Skromnie na piersiach krzyżując ramiona —
I pierwszém tkliwém słowem ośmielona,
Na szyję ojca zarzucając ręce,
Co jéj wesołe pieszczoty dziecięce
Dzielił i wzajem odpłacał, słowami,
Błogosławieństwy i całowaniami —
Zulejka przyszła. — Giaffir czuł w duszy,
Że zamiar jego miękczy się i kruszy.
Nie, by się troskał o przyszłém jéj szczęściu,
Czy je miéć może w wybraném zamęściu;
Lecz myśl rozstania zamysłem zachwiała —
Miłość ją wlała — Duma pokonała.

  1. Wyrażenie to uległo zarzutom. Nie odpowiadając na nie krytykom „niemającym muzyki w duszy“ proszę tylko czytelnika, aby przypomniał w myśli na chwilę rysy najpiękniejszéj, jaką znał, kobiety. A jeśli wtenczas jeszcze nie zrozumie tego, co mój wiersz słabo wyraża, wyznaję, iż będę żałował nas obu.
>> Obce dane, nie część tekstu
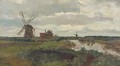 Windmills in a polder landscape - Paul Joseph Constantine Gabriel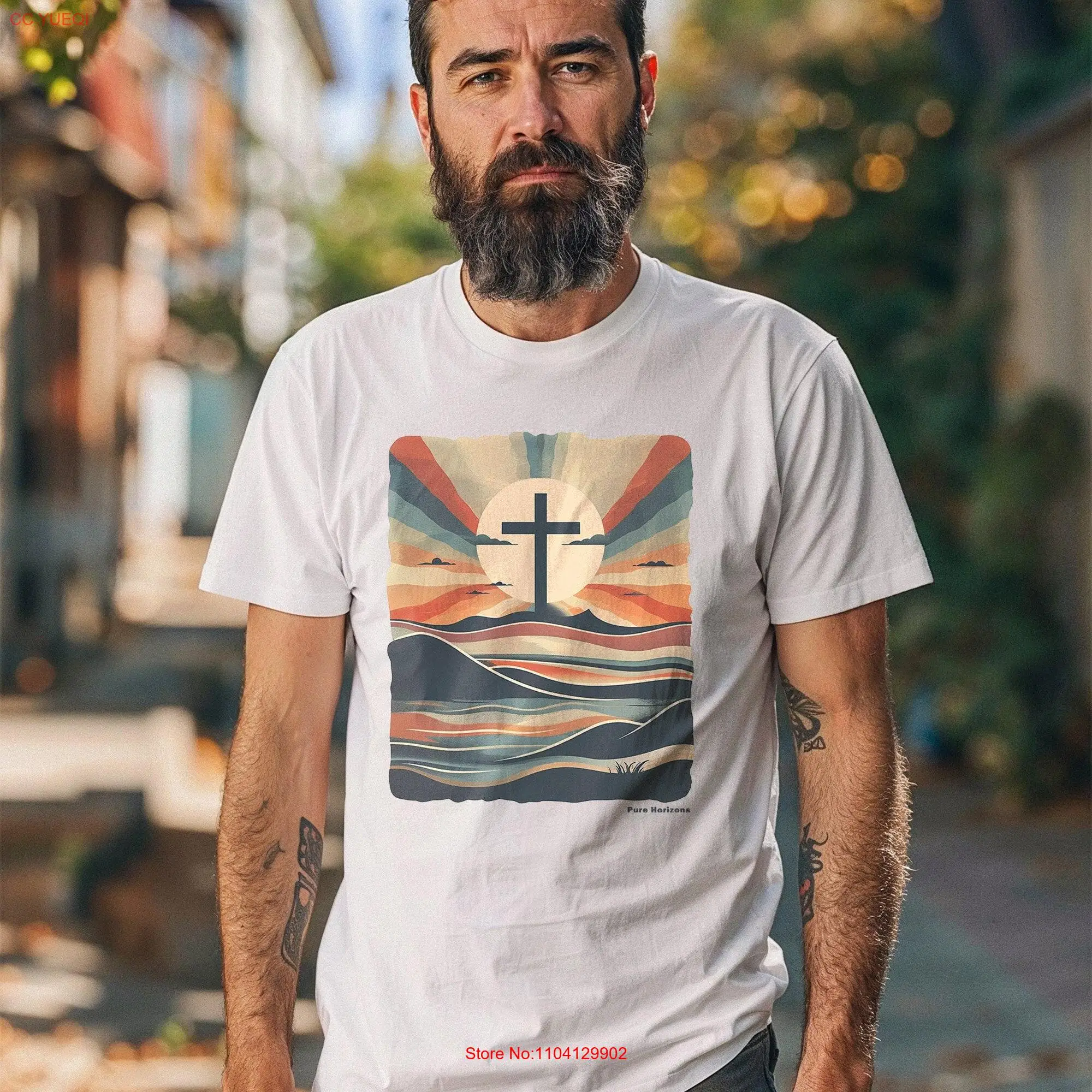 

Футболка с духовным восходом солнца и крестом, верный горизонт, чистые горизонты, вдохновляющий топ, религиозный символ, длинные или короткие рукава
    W dziele „O Niemczech“ (Tom III roz. 10), napisaném przez kobietę, przewyższającą gieniuszem kobiety wszystkich wieków, znajduje się bardzo wymowny ustęp, o podobieństwie zachodzącém między malarstwem a muzyką; i porównanie tych obu sztuk, wynikające z tegoż podobieństwa. Czyżby wiec podobieństwo muzyki nie miało być większe z oryginałem jak z kopią? z kolorytem natury, jak sztuki? wreszcie jest to rzecz, która się więcéj daje czuć niż wyrazić. Jestem pewny, iż znajdzie się zawsze kilka osób, które to wyrażenie moje zrozumieją, a przynajmniéj któreby zrozumiały, gdyby widziały twarz, któréj mówiąca harmonia tę myśl mi natchnęła. Wyrażenie to bowiem nie jest wzięte z wyobraźni; znalazłem je w mojéj pamięci — w tém zwierciadle, które smutek rzuca o ziemię, a patrząc na jego szczątki, widzi w nich tylko pomnożone odbicie.